I love this question because it leads us into the spiritual connections between species, the sensual, emotional communication between humans and nonhumans. 
Horses are creatures of prey that have survived since prehistoric times through fear.  They know fear in its depths, so they sense ours as we touch or ride them.  If we are afraid, then their fears ignite, and
 they can become dangerous.  So to ride well, we must master our own fears, sense fear in our bodies, in ourselves, find a calm center, and then in centering, we can communicate quietly through each touch, each gesture with reins, with our thighs, our heels, our heads, our sight, our tones of voice, our breath.  We can learn to feel into the horse,  to come to where we do not dominate, but to where we relate beyond ourselves,…to where we transcend.  Yet if we cannot center ourselves, as Nikki sometimes cannot, and as Gabe once failed to do, then we can become as Gabe, half paralyzed.  Infirm.  Or, in some cases, dead.  So pay attention to the horse, to the nonhumans outside of us.
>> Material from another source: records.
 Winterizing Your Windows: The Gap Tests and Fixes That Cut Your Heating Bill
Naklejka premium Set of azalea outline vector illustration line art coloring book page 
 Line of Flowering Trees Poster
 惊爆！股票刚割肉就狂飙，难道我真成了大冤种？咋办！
What kind of writer are you? Did you carry this story around in your head for years, or dash it out on paper and then revise? Do you have rituals? And can you talk about what you’re working on now?
  

I find in order to circumvent my logical mind, I must write fast, not a free write, exactly, but to let it flow, to think of it as a draft, which it is, and then, yes, I must revise again and again. 
My ritual is to do what riders must do, to center somehow, in the midst of it all.  To find a meditative space.  To maybe even meditate before I write, which is often easier for me in the mornings.  Now after a few years break, I finally have started a new novel.  No horses in it.  But a crime.  That old fascination of mine returning, or it never went, of those people who live close to the edge and sometimes go over it.   As any of us really can. 
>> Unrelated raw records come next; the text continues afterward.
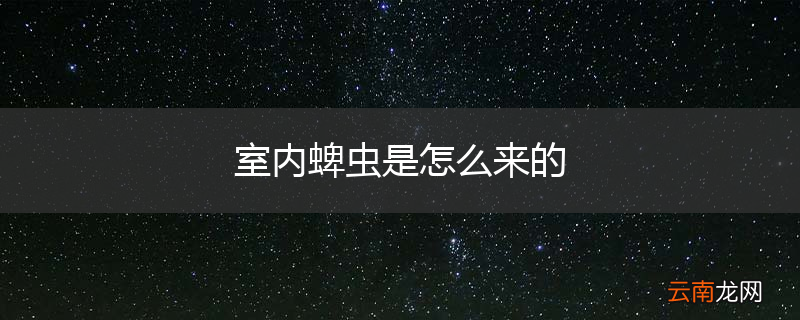 室内蜱虫是怎么来的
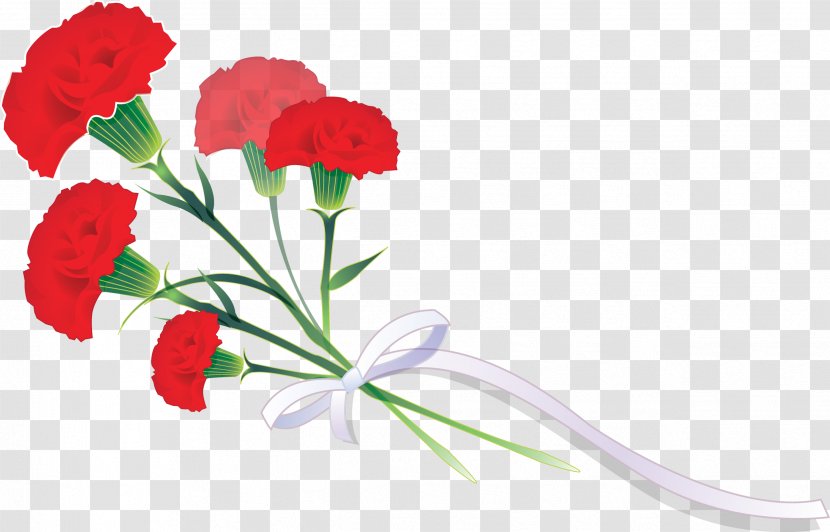 Cut Flowers Carnation Garden Roses Plant - Stem - Flower Transparent PNG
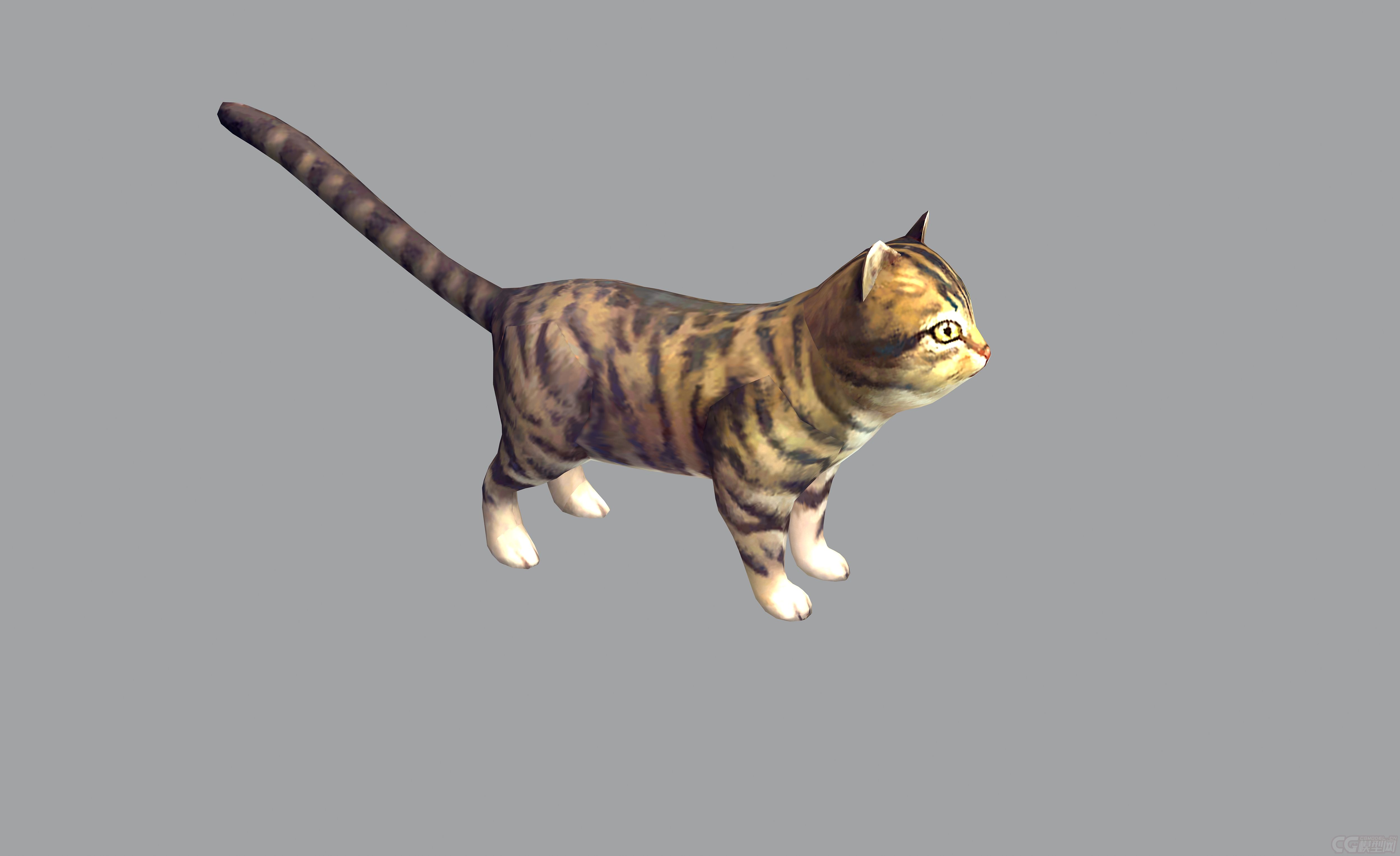 高精度花猫喵星人一只_znzf168作品_动物哺乳_cg模型网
I was so happy to see that you teach for Changing Lives Through Literature--I’ve worked with this program, too, and found it extraordinary. Can you talk about this, please?
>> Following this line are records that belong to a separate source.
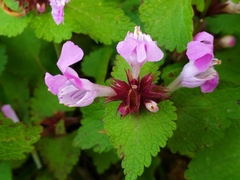 Lamium garganicum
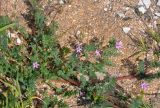 Erodium cicutarium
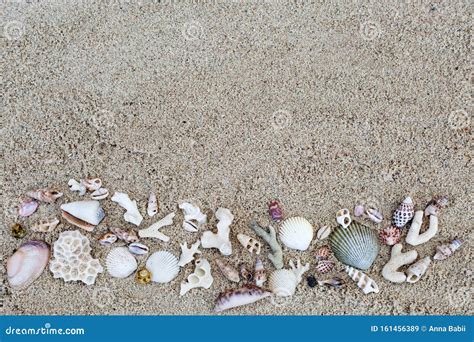 Seashells And Corals Border On Sand Background Stock Image Image Of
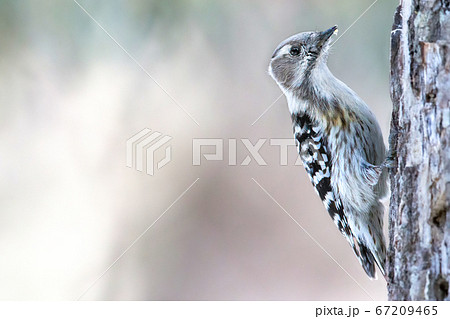 コゲラ 野鳥 Japanese Pygmy Woodpecker コゲラ 野鳥 Japanese Pygmy Woodpecker 67209465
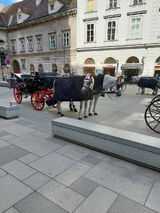 Foto utilizatorului Romanq32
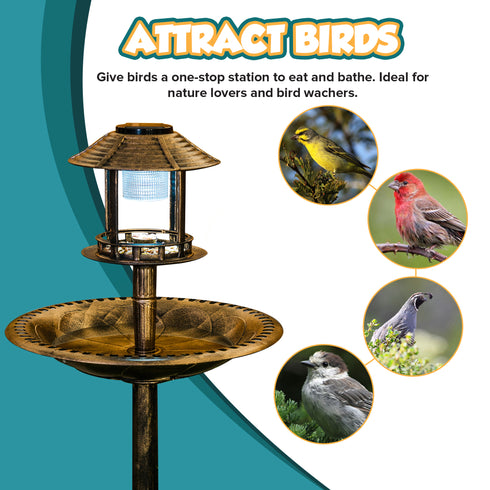 Bird Solar Light Bird Bath & Planter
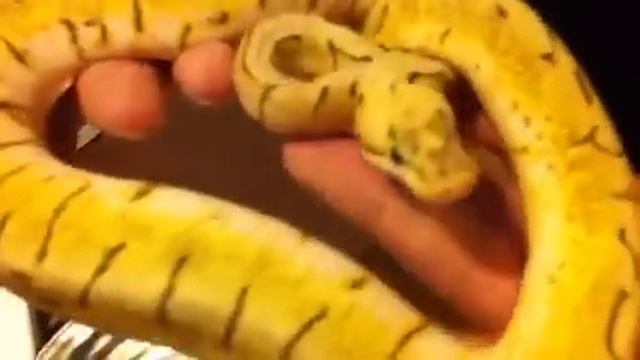 Male spinner blast ball python смотреть онлайн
You can see how I would be drawn to this program with its use of literature to touch the lives of people on probation, people who were on the edge, and for some reason, could not stop the momentum…and made a wrong choice perhaps, which leads them to the classes in this
terrific national program, which was founded in Massachusetts, where I teach with a judge and a probation officer.  We have seen the effects of this program on some of our students.  Some come to realize how smart they are, come to identify with characters in the stories, characters who also can make wrong choices causing suffering. So some students make other life choices than they once might have.

I have published a few stories by these students in Solstice:  A Magazine of Diverse Voices, of which I am the editor-in-chief.  We publish established writers, including  writers of color and various social classes, as well as writers on the margins.  We promote diversity in literature, as in a different way, Changing Lives Through Literature also does. 
 
What’s obsessing you now and why?


I'm obsessed with beginning a new novel in the midst of the publicity for Horsefever.
How to handle that balance?  I'm obsessed with trying to promote my own writing after so many years of publishing other writers, and teaching them in conferences, and founding an MFA program in Creative Writing, and how I take such joy and feel satisfaction in promoting other writers, while I find myself feeling awkward and shy asking others for favors about my own work.   And more than all that, I'm obsessed with trying to get back to meditation, and to prayer perhaps, to center myself, because it's in centering oneself, as I said above, that we can take life-affirming risks. 

What question didn’t I ask that I should have?


 Your questions are so fine and made me think.  I would say that I'd love for readers to check out our terrific magazine, Solstice:  A Magazine of Diverse Voices, www.solsticelitmag.org.  It's an independent nonprofit that publishes our hybrid mag online, yet we are also publishing print anthologies of our writers as well.  We're so proud to have two Notable Essays cited in The Best American Essays 2015.  And we just received a small grant through the Massachusetts (Needham) Cultural Council, and we are a Best of the Net winner!  We have a mission to promote diversity in literature and photography.